World of artists
MacDowell Colony opens for award
In Peterborough, supporting the arts isn’t just an idea; it’s a way of life. Through The MacDowell Colony, the nation’s first artist-residency program, Peterborough has played host to nearly 7,000 artists, including such greats as Leonard Bernstein, Aaron Copeland, Alice Walker and Thornton Wilder.
MacDowell was born from the love of art, and a desire to provide an ideal place for it to be created. Its namesakes, composer Edward MacDowell and his wife, pianist Marian MacDowell, opened their farm to the art community in 1907. Edward, who said he produced better music in Peterborough, wanted to give other artists the same creative experience.

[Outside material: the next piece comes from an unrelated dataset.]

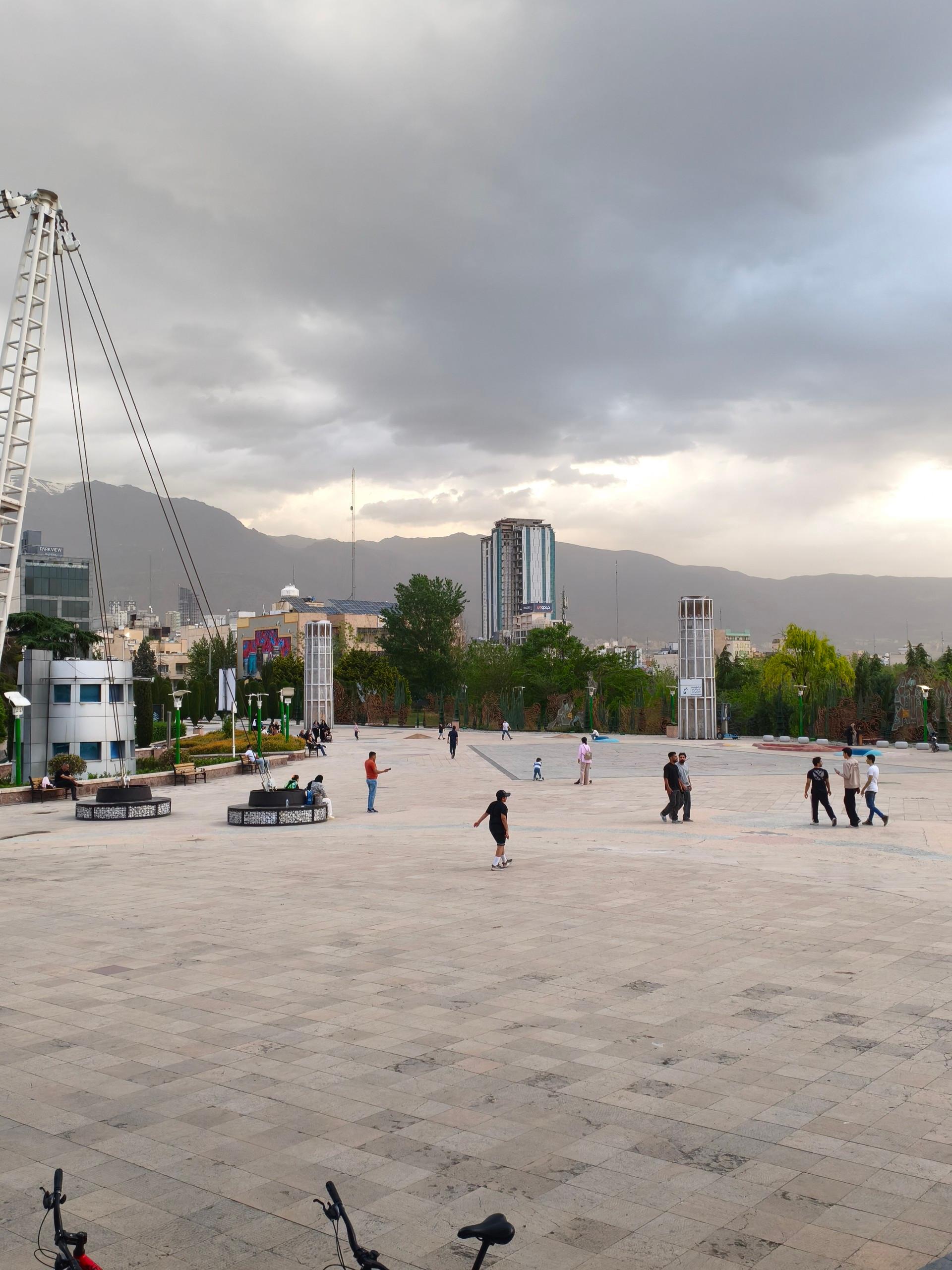 عکس آبنمای آب و آتش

Though Edward lived only long enough to see the first fellows arrive, Marian continued her husband’s mission, hosting artists and traveling across the country giving lecture recitals to raise money for the colony’s preservation. In honor of the MacDowells’ contribution to the art world, in 1997 the colony was given the National Medal of the Arts, the highest award given by the United States to artists or art patrons, for “nurturing and inspiring many of this century’s finest artists.”
More than 100 years after the first artists moved into The MacDowell Colony’s 32 studios, it continues to support and shape the art world. Each year more than 250 writers, visual artists, composers, filmmakers, playwrights, interdisciplinary artists and architects come to the colony from all over the world. The only criteria for artists being accepted into residency is excellence in their field, and because of the colony’s nonprofit status they pay nothing for their five- to eight-week stays.
For one day each August the rest of the world can get a taste of what it’s like to live and work at MacDowell. While the colony’s main building, gravesite and Eugene Coleman Savidge Library are always open during office hours and with advance notice, only during Medal Day – when the Edward MacDowell Medal is awarded to an artist who has made an outstanding contribution to his or her field – do artists-in-residence open their studios to the public. Sunday is Medal Day.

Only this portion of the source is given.